[Raw data — start]
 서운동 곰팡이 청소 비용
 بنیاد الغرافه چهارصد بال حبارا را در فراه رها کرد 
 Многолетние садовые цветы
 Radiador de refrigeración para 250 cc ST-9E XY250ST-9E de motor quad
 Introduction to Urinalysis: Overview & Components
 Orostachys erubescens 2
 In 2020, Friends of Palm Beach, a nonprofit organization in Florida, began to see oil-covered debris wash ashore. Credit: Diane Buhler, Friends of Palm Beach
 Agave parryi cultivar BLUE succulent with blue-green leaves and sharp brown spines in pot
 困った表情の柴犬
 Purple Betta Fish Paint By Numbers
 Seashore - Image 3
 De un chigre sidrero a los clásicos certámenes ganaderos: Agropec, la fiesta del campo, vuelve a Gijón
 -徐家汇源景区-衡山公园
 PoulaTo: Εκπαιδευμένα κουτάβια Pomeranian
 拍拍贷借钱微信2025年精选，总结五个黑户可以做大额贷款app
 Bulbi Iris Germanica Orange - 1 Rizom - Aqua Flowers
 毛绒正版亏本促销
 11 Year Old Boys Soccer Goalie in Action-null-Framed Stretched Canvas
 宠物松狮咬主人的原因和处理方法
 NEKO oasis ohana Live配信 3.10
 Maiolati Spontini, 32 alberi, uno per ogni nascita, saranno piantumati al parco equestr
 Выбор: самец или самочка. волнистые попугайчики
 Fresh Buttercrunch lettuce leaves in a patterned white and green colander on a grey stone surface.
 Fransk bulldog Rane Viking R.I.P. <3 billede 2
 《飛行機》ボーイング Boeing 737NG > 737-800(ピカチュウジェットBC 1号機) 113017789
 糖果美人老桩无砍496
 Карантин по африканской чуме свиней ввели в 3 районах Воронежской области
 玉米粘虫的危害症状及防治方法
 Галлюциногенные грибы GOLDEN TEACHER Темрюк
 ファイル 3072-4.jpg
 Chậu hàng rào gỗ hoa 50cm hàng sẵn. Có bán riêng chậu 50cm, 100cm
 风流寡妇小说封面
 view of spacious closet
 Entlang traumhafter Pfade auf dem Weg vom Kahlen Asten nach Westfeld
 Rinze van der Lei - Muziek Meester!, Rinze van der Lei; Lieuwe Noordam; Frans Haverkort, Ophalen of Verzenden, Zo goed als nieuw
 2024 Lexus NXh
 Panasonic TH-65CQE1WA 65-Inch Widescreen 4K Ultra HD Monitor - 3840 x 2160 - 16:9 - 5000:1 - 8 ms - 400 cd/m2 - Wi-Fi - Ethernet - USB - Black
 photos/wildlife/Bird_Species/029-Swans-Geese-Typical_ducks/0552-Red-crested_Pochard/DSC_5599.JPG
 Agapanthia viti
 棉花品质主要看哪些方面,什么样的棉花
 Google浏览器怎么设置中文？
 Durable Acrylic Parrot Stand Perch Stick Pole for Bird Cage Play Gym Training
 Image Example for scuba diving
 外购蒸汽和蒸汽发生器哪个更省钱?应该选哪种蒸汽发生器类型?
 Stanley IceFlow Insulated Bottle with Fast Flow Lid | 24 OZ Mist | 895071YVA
[Raw data — finish]
Problem requirements
Your answer should consist of all lines above that include the string "green".

Output of the task
 Agave parryi cultivar BLUE succulent with blue-green leaves and sharp brown spines in pot
 Fresh Buttercrunch lettuce leaves in a patterned white and green colander on a grey stone surface.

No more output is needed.